*** Opening of MATERIAL SHOWN ***

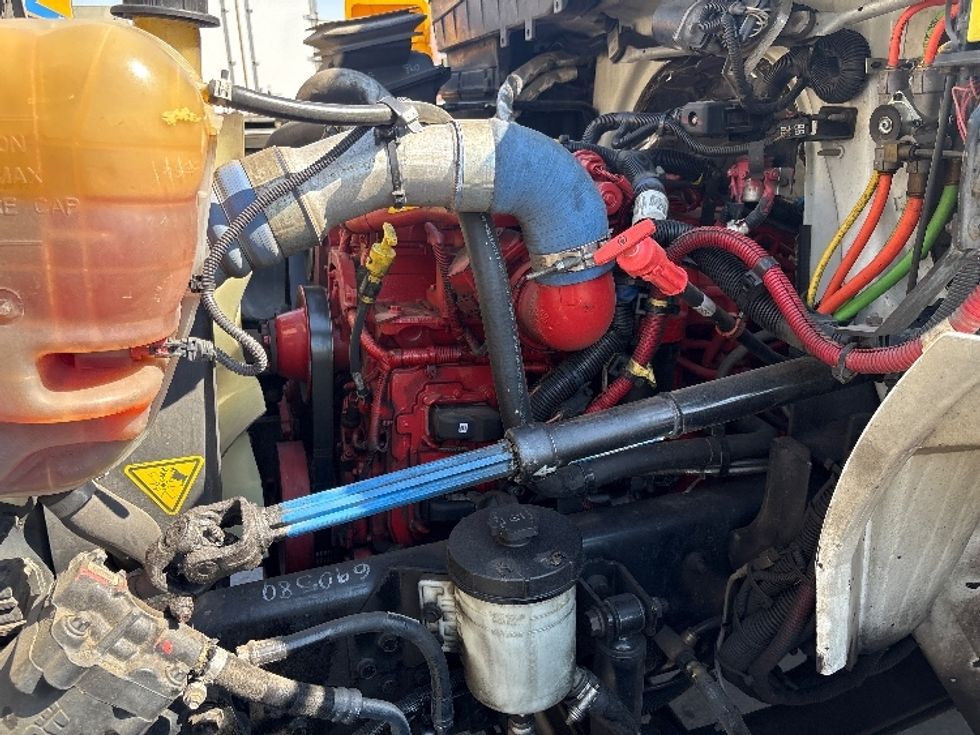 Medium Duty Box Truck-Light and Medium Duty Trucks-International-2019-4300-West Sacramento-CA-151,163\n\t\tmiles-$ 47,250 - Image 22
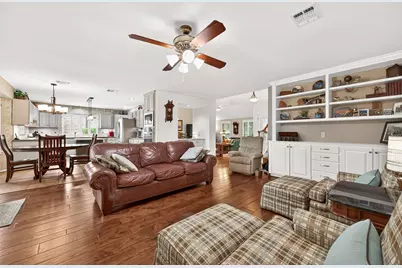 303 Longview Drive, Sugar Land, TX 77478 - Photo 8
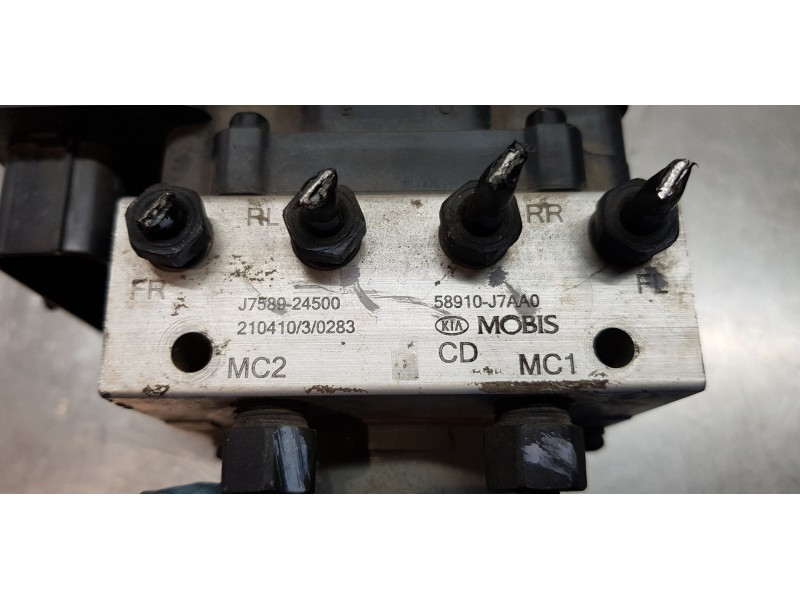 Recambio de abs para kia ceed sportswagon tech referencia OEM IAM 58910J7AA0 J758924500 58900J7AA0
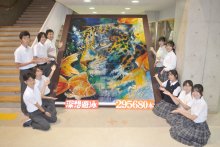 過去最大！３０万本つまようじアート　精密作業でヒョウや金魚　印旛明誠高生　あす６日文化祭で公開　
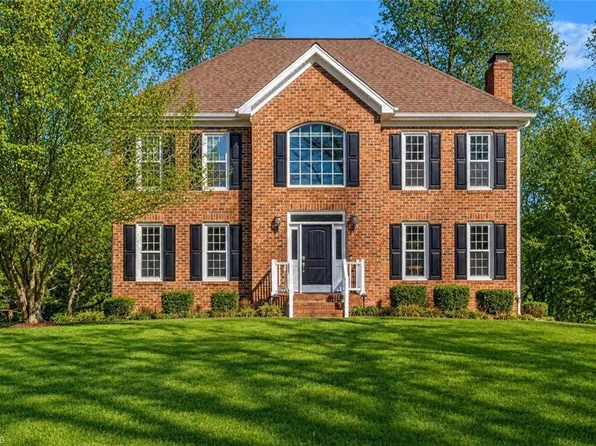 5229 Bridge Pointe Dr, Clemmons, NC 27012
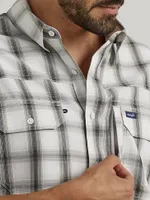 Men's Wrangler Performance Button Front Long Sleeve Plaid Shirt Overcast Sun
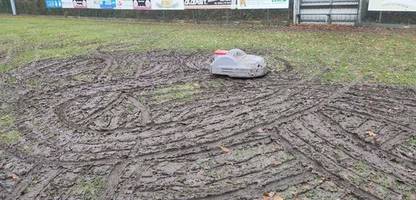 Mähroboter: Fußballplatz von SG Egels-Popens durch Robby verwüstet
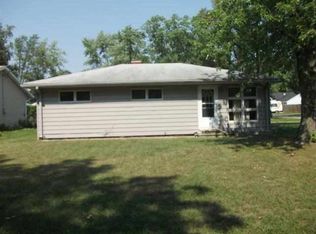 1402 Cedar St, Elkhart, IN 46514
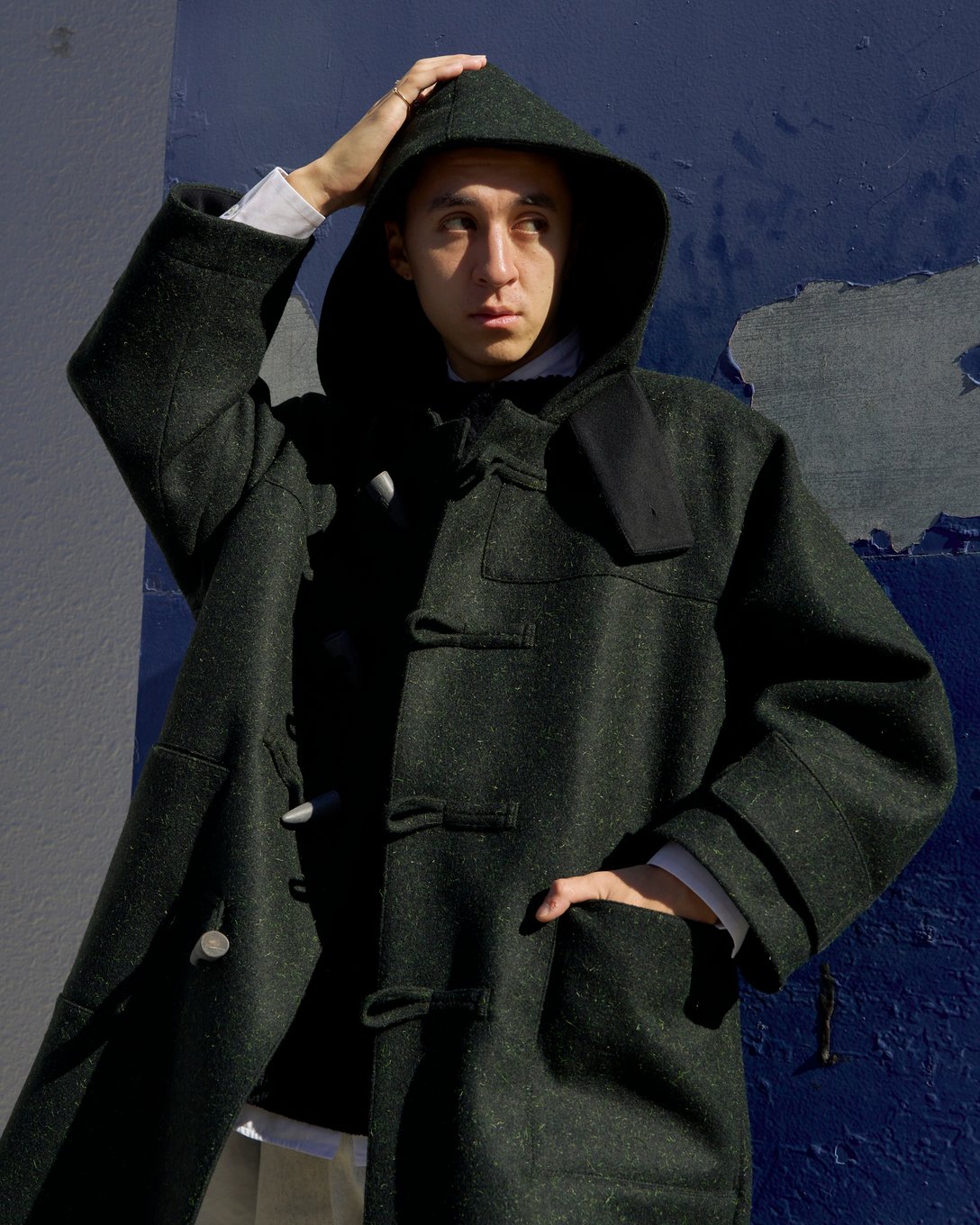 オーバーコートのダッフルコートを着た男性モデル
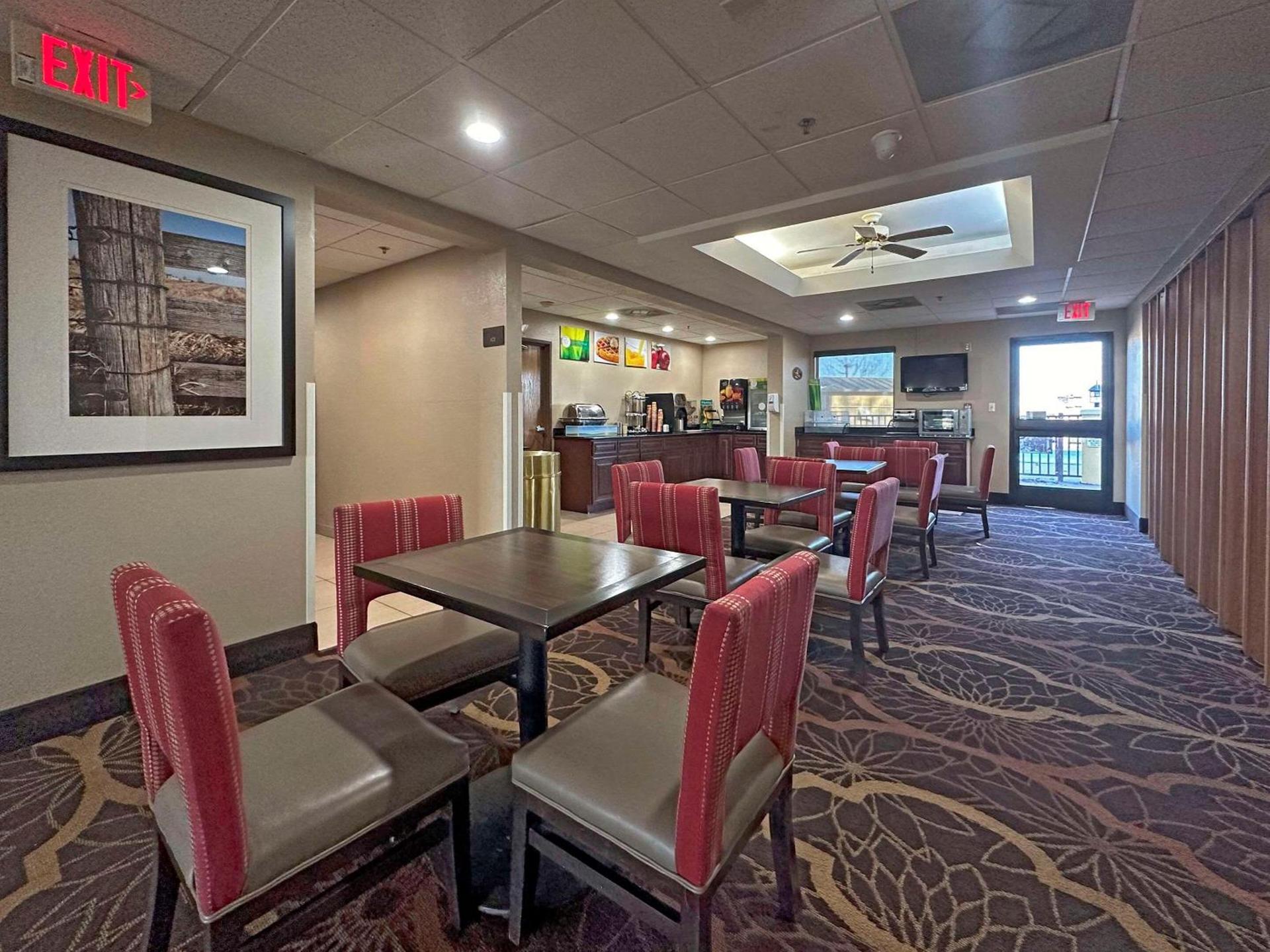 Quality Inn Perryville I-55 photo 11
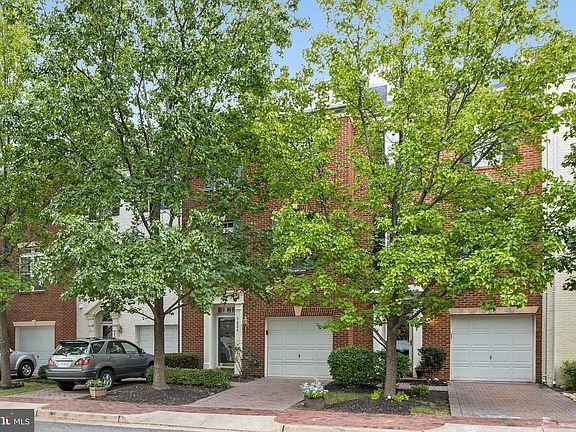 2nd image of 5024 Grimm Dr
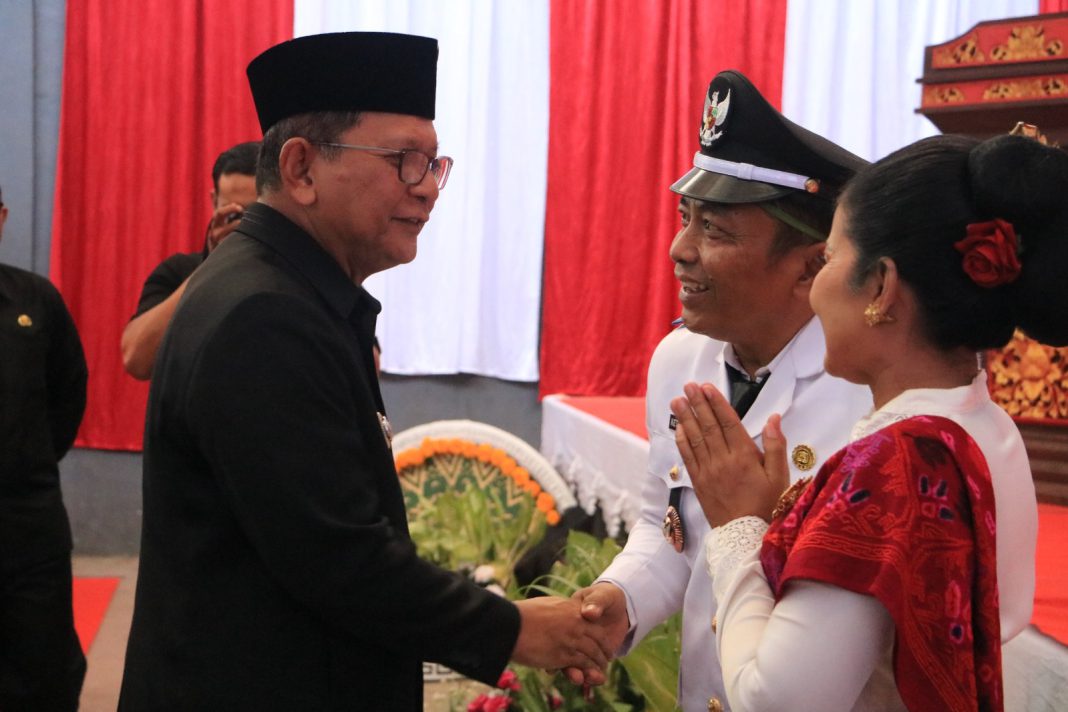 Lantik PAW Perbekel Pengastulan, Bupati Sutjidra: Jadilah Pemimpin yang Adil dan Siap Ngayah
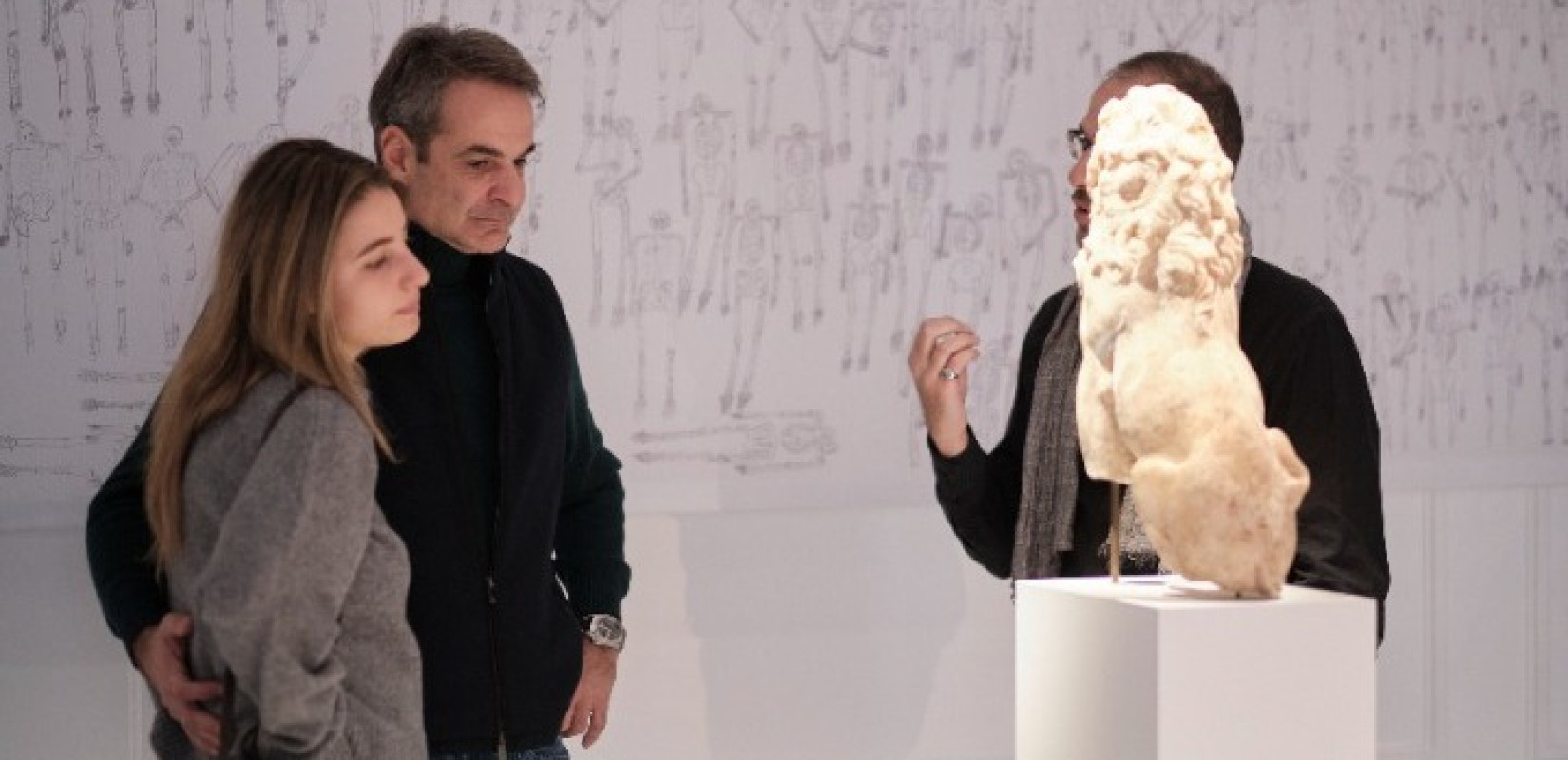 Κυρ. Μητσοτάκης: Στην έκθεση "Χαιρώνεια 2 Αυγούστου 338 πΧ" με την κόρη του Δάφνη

*** Close of MATERIAL SHOWN ***

**WHAT THIS TASK INVOLVES:**
Your answer should reproduce every line of the data verbatim and include no images.

**EXPECTED ANSWER:**
 Medium Duty Box Truck-Light and Medium Duty Trucks-International-2019-4300-West Sacramento-CA-151,163\n\t\tmiles-$ 47,250 - Image 22
 303 Longview Drive, Sugar Land, TX 77478 - Photo 8
 Recambio de abs para kia ceed sportswagon tech referencia OEM IAM 58910J7AA0 J758924500 58900J7AA0
 過去最大！３０万本つまようじアート　精密作業でヒョウや金魚　印旛明誠高生　あす６日文化祭で公開　
 5229 Bridge Pointe Dr, Clemmons, NC 27012
 Men's Wrangler Performance Button Front Long Sleeve Plaid Shirt Overcast Sun
 Mähroboter: Fußballplatz von SG Egels-Popens durch Robby verwüstet
 1402 Cedar St, Elkhart, IN 46514
 オーバーコートのダッフルコートを着た男性モデル
 Quality Inn Perryville I-55 photo 11
 2nd image of 5024 Grimm Dr
 Lantik PAW Perbekel Pengastulan, Bupati Sutjidra: Jadilah Pemimpin yang Adil dan Siap Ngayah
 Κυρ. Μητσοτάκης: Στην έκθεση "Χαιρώνεια 2 Αυγούστου 338 πΧ" με την κόρη του Δάφνη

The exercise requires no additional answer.